[Dataset excerpts]
>>>
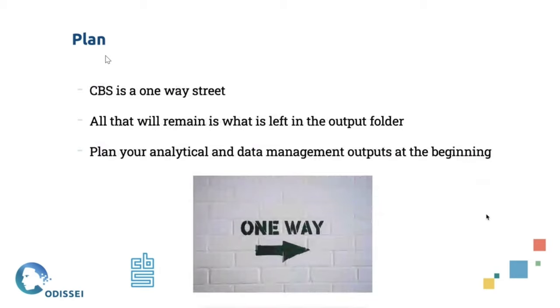One thing that's really important and difficult compared to other projects is that CBS and other remote access environments are generally a one-way street — you can put data in, but the moment it goes in it doesn't come back out. The only things you can ever get back out of the analytical environment are reduced format data: tables, figures, and maybe some analytical code — but no actual data files. You really have to plan in advance what you're doing, because the only thing you'll get out at the end is the outputs, and those outputs have to leave enough breadcrumbs for people to see what you've done and recreate it.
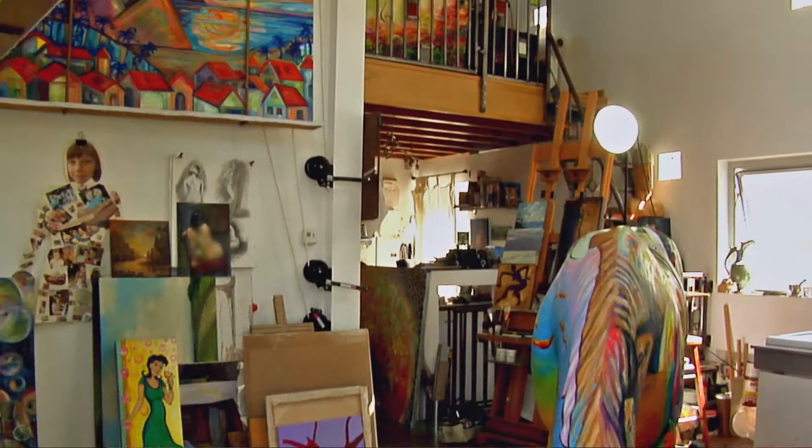Hi, my name is Cheryl Gottemuller, and I live here in San Fernando Valley, and I'm an artist, and you're in my home.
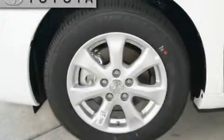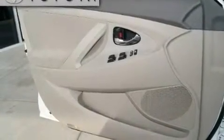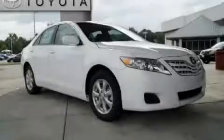With an EPA estimated rating of 31 miles per gallon on the highway, fuel efficiency does not take a back seat. This vehicle won't last long at this price — call and arrange a test drive now.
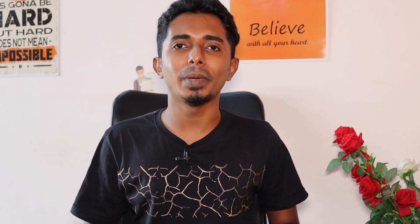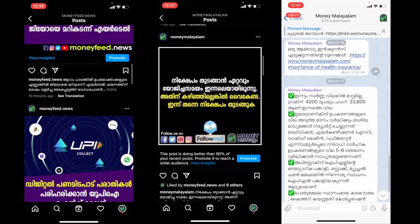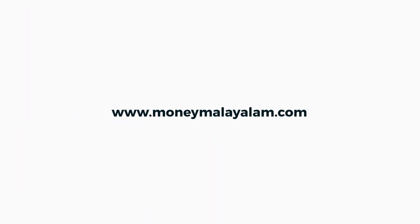For more information, visit MoneyFit and MoneyMalam.com. Follow us on Instagram and Telegram. Visit www.moneyamalanam.com and www.moneyfit.net. Link in the description below. Thank you.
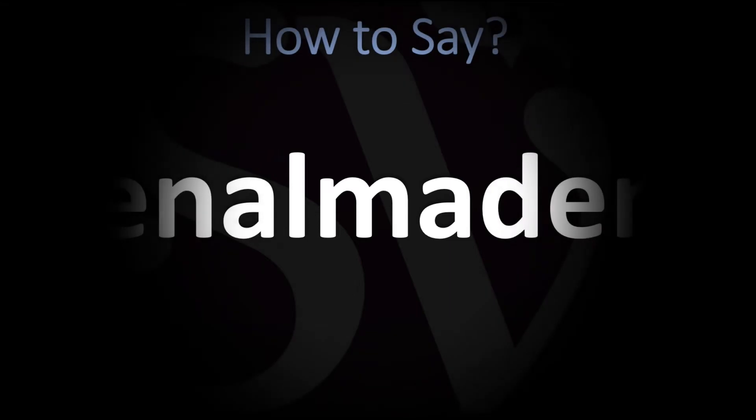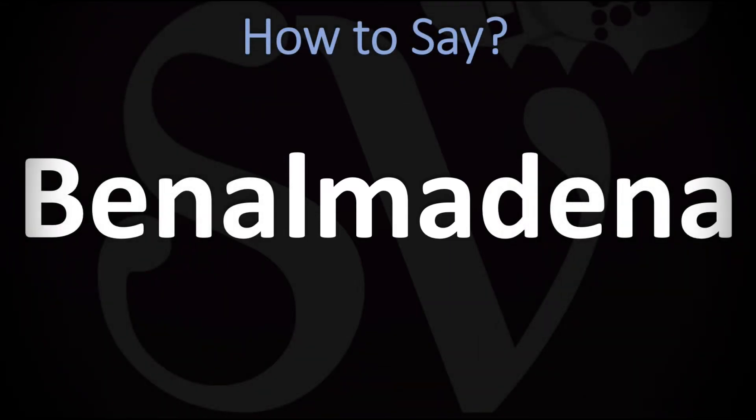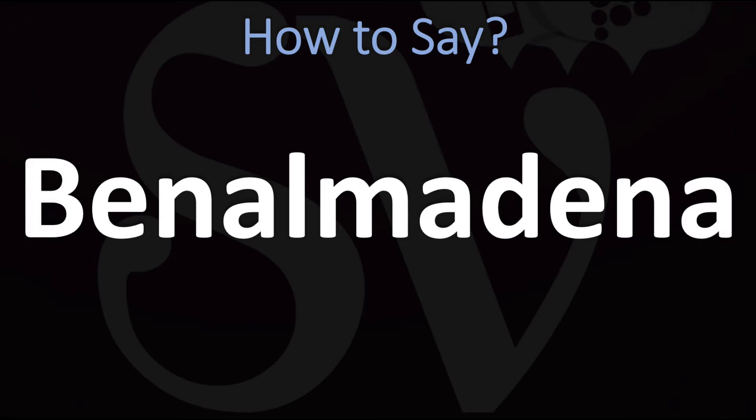We are looking at how to pronounce the name of this town in Spain. We're going to be looking at how to pronounce more useful Spanish words as well, so make sure to stay tuned and consider subscribing for more learning.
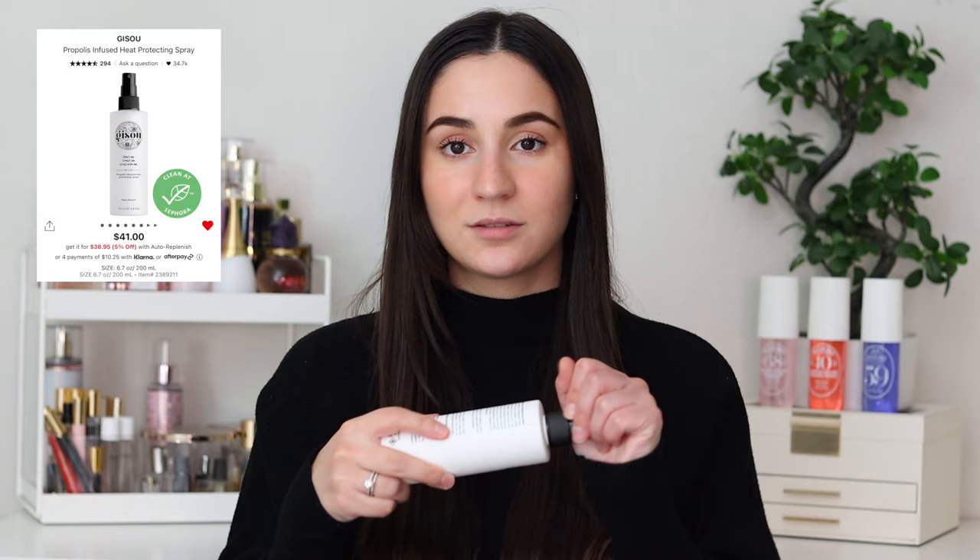We're going to start with haircare. For haircare, I have two favorites. The first one is the Gisou Heat Protectant Spray. This is a truly favorite of mine — it's almost finished. It smells so good; you should go in store and smell this. This is from Gisou. It's a pricey heat protectant, but this is the only one I've been using for the past month and my hair is looking amazing. I think it's around $40 right now. I'm probably going to repurchase this myself during the sale since it's more than halfway done.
<<<
=== ASSIGNMENT ===
From the records above, transcribe exactly the lines starting at the one containing "With an EPA" and ending at the one containing "We are looking". Skip the pictures.

=== WRITTEN ANSWER ===
With an EPA estimated rating of 31 miles per gallon on the highway, fuel efficiency does not take a back seat. This vehicle won't last long at this price — call and arrange a test drive now.
For more information, visit MoneyFit and MoneyMalam.com. Follow us on Instagram and Telegram. Visit www.moneyamalanam.com and www.moneyfit.net. Link in the description below. Thank you.
We are looking at how to pronounce the name of this town in Spain. We're going to be looking at how to pronounce more useful Spanish words as well, so make sure to stay tuned and consider subscribing for more learning.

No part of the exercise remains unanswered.